MF: Yes, you suggest at several points that the movements for women’s and gay liberation were moving at a “breathless pace.” Let’s shift to the chapters a bit because I think they illustrate this point beautifully. In your first chapter, I love how you turn different historical terms on their heads to redefine women and make us contemplate feminist epistemologies from fresh angles. For instance, in chapter one you recuperate an archaic pre-AI definition of the term “replicant”; in chapter two, separatism is not necessarily a dirty word for just reductive, wishful, or impossible politics of yesteryear. Tell me about your process for rethinking some of these terms, perhaps by way of some of your objects from that era.
RF: My choices of cultural objects were really intuitive for this project. I wasn’t trying to look at every work of feminist or queer popular culture or to do a survey of 1970s cultural production. What I was trying to do was to say: look, here are these concepts that seem really denigrated today that emerged out of the movements for women’s and gay liberation, like the notion of women’s equality, or consciousness raising, or coming out of the closet. While it’s easy to throw shade at these concepts as “liberal,” pandering or reproducing the status quo, they had incredibly radical implications for the future of gender and sexual rebels in a democratic society. Consider that contemporary projects for transgender liberation are obsessed with the idea of legal equality, even as some claim that the idea of equality in the seventies was a white liberal feminist fantasy. But the demand for equal access to affordable health care in regards to gender-affirming services emerges from this moment in the 1970s, and gets taken up decades later by trans activists. The same thing happens with lesbian separatism. Separatism is seen today as a regressive white essentialist lesbian feminist idea—that lesbians compose a distinctly marginalized identity group who should completely divest from male dominated society—and yet here are all these young social justice advocates demanding safe spaces for marginalized folks. I selected concepts that struck me as getting a bad rap, yet ones we’re still attached to. What does it look like to live up to our word and to think about these concepts at their most radical?

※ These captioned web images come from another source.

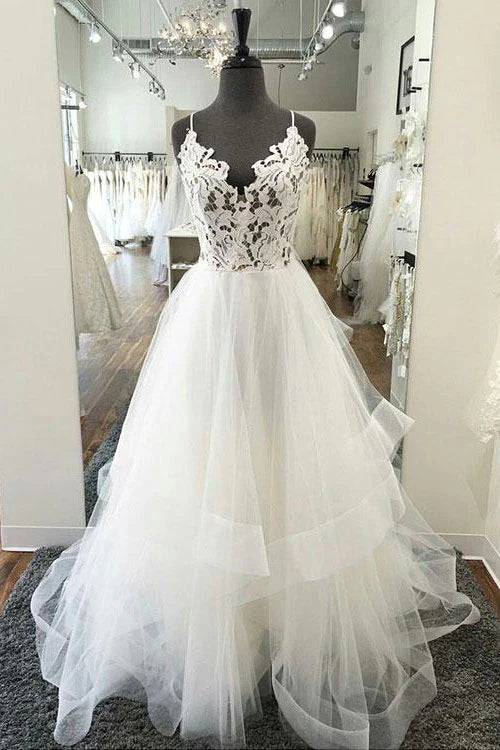 Woman wearing an elegant white V-neck lace and tulle long prom dress.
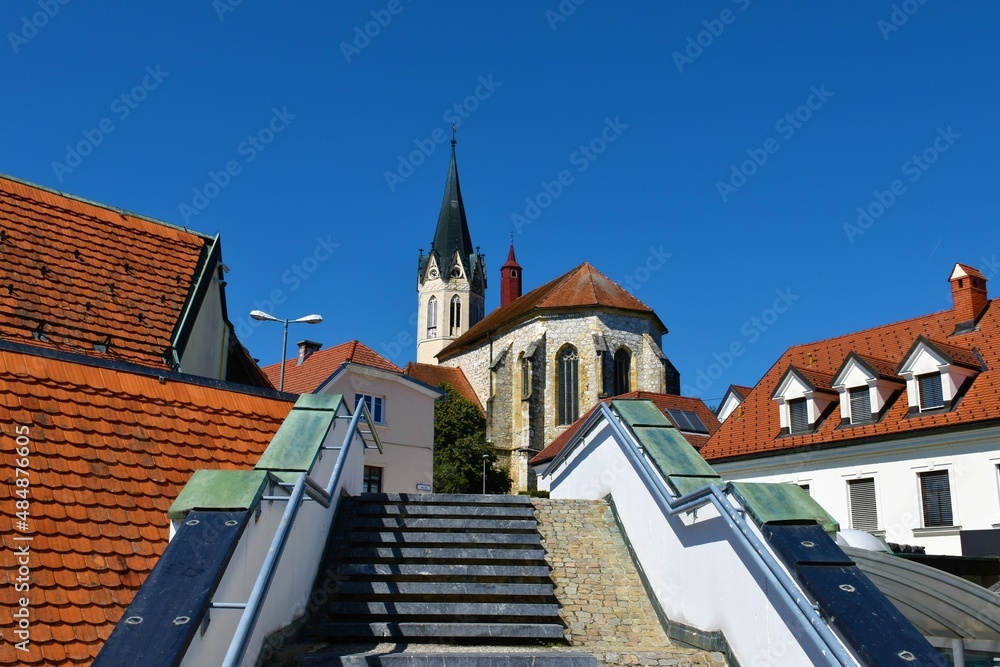 Novo Mesto cathedral or St Nicholas's cathedral landmark in Dolenjska, Slovenia with old buildings and a stairway in front Novo Mesto cathedral or St Nicholas's cathedral landmark in Dolenjska, Slovenia with old buildings and a stairway in front
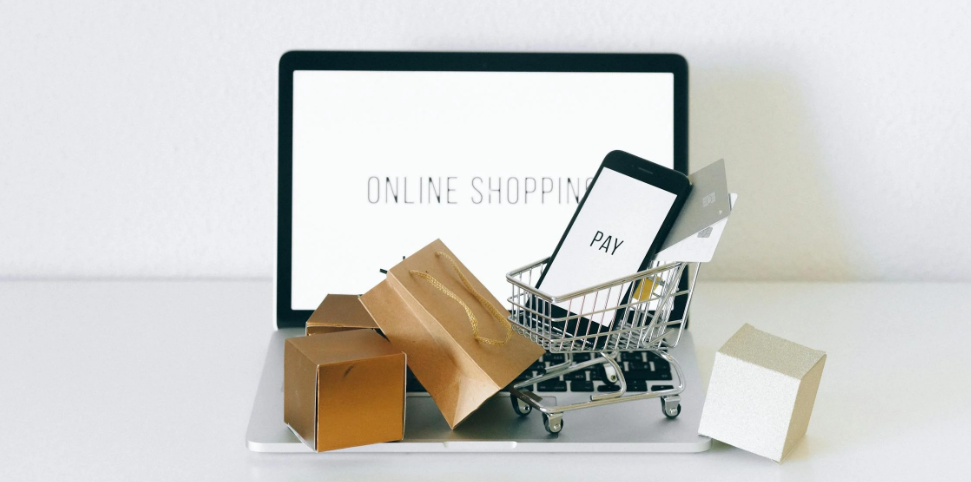 A Miniature Shopping Cart on MacBook Laptop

Second, I wanted to explore how these high-level, abstract political concepts, such as “equality,” come to make sense in the seventies to ordinary people who have nothing to do with gender and sexual freedom movements but might be sympathetic to them. I started to study these concepts and the way they were talked about in feminist and queer writing, popular speeches, and political dialogue. I would then voraciously read and watch popular culture in the seventies to see where the concepts keep coming up in mass media. So, for instance, I found it really interesting that in a variety of 1970s feminist science fiction writing, equality kept being figured as this problem of encountering somebody who was supposed to be your perfect double, and hence exactly identical to you, but then turns out to be a wholly separate being who is nothing like you. The texts I used were Ira Levin’s The Stepford Wives (1972), in which two women move to a suburb and discover that they might be being replaced by robots; Joanna Russ’s The Female Man (1975), a brilliant lesbian science fiction novel about four women who are different versions of the same person from alternate dimensions; and The Woman Warrior (1976), a classic Asian-American text, in which the unnamed narrator imagines encountering and meeting all the different women in her family in different times and spaces. These books presented the problem of equality to readers without ever using the word “equality.” They said: the labor of intellectually and imaginatively figuring out what you share with somebody you thought was supposed to be just like you, but isn’t, is a necessary part of radical politics. The three texts encourage readers to do the cognitive work of comparison, looking at two distinct beings (usually women) and seeing what they share in common without collapsing them. The texts reject a reductive interpretation of equality as sameness, and instead figure it as the practice of constantly negotiating difference. Radical indeed! I try in each chapter to find popular culture texts that dramatize or figure fundamental political concepts or problems in surprising ways, maybe even more creatively than political actors were articulating them.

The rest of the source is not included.